ESG due diligence on the rise in the mergers & acquisitions scene

26 January 2023 5 min. read

The ESG megatrend is increasingly entering the word of mergers & acquisitions, according to new research by KPMG. Dealmakers are keener to embed ESG factors into their decision-making across the full deal life cycle, and on conducting an ESG due diligence along the way.

KPMG’s report concludes that ESG can become a disruptive factor in a company’s M&A processes, similar to how the topic is reshaping strategic decision-making in the boardroom. Overall, four out of five dealmakers told the firm that ESG considerations are now firmly on their M&A agenda.

But while the maturity of ESG considerations varies strongly across organisations, most respondents told the researchers that they also plan to expand the scope and maturity of how they apply ESG rigour to their transactions, from linking ESG strategy to M&A strategy, all the way down through to operationalising processes in pre-deal and integration phases.

Are ESG considerations currently on your M&A agenda

For its study, KPMG surveyed over 150 active dealmakers across Europe, the Middle East and Africa.
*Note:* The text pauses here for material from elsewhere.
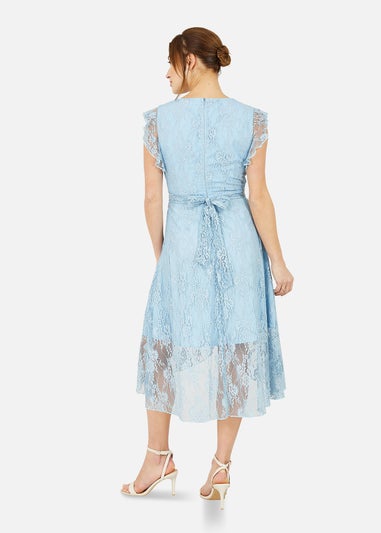 Yumi Blue Frill Cross Over Skirt Lace Dress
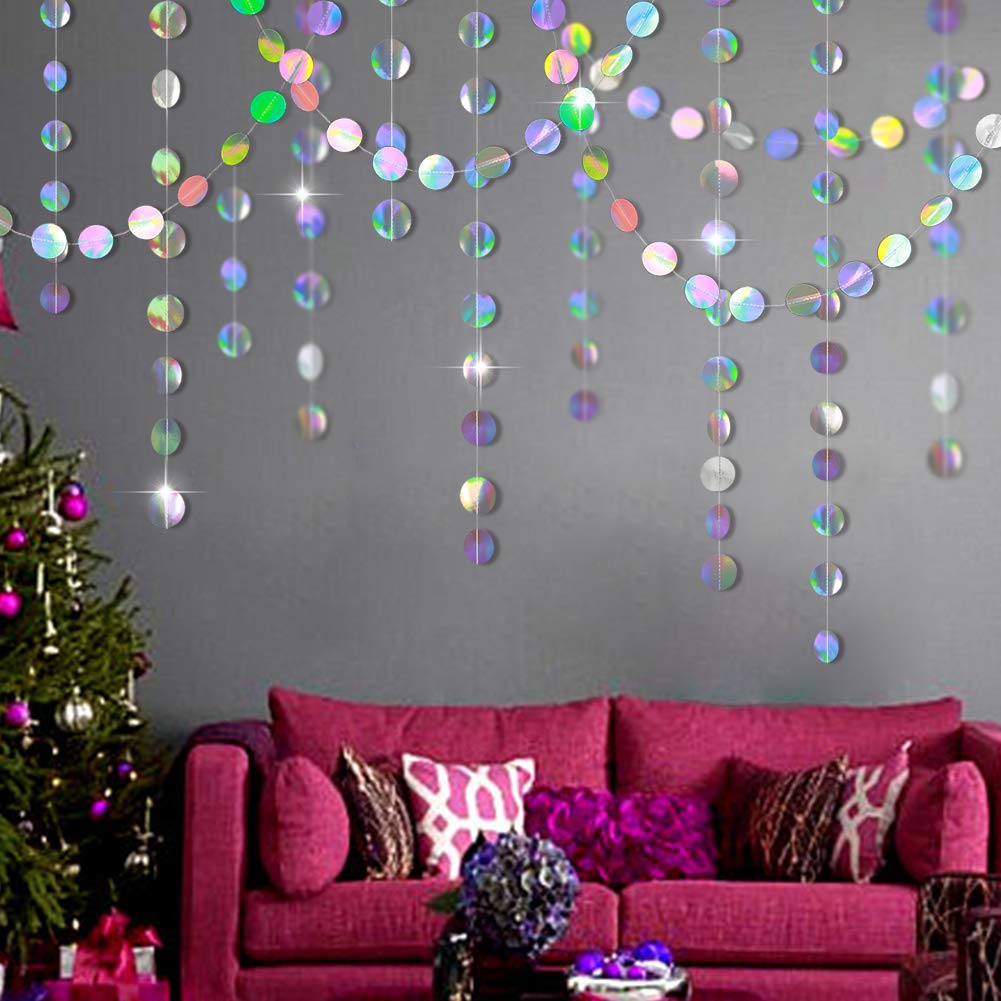 Iridescent Party Decorations Holographic Circle Garlands Disco Theme Birthday Decoration Hanging Banner Graduation Decor Ball Streamer New Year NYE Backdrop Euphoria Party Supplies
In addition, in-depth conversations with senior dealmakers were held. “Something exciting is happening at the nexus of mergers & acquisitions and environmental, social, and governance,” said Florian Bornhauser, lead author of the report.
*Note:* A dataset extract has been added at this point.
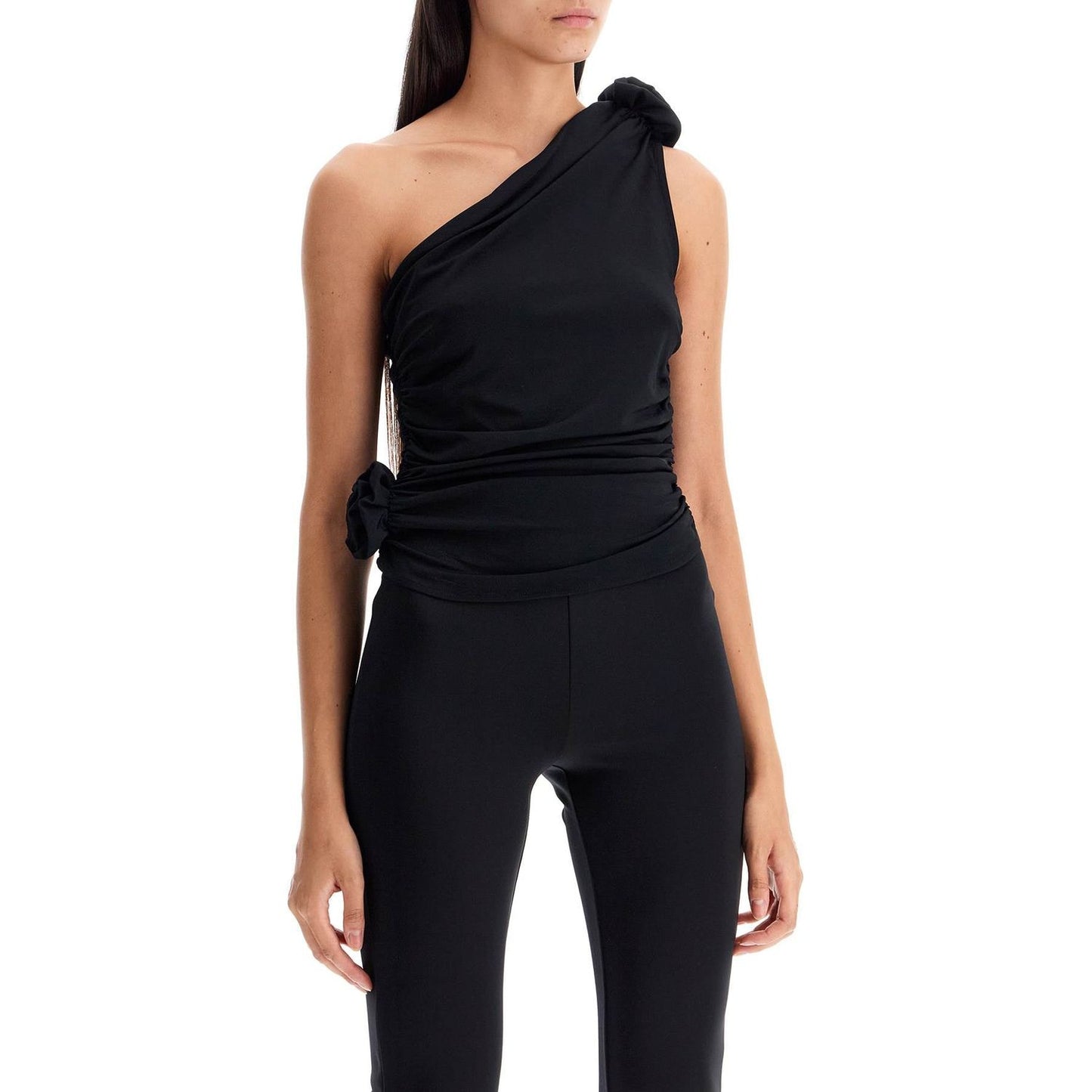 Magda Butrym one-shoulder jersey top Topwear Magda Butrym Rosy Brown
More than two thirds of organisations said that they would be willing to pay a premium for a target that demonstrates a high level of ESG maturity, with almost one-in-five stating they would pay a premium of 5% or more, and half willing to pay between 1% and 5%.

With ESG more on the radar, dealmakers on both sides of the table (buy-side and sell-side) expect ESG due diligence to become more commonplace. According to KPMG’s survey, the number of dealmakers who expect to conduct ESG due diligence ‘very frequently’ is set to nearly double.

How frequently did you / do you expect to involve an ESG DD on your deals?

“For sellers, this means that increasing levels of scrutiny from buyers must be expected – even for assets and dealmakers that may historically not have been subject to stringent ESG due diligence enquiries,” said Bornhauser.

Notably, the study further found that much of the drive towards more due diligence builds on actual value, and less so on pressures from regulators or stakeholders. The top reason mentioned by the survey respondents was that they believe in the monetary value of identifying risks and upsides related to sustainability at the pre-signing stage.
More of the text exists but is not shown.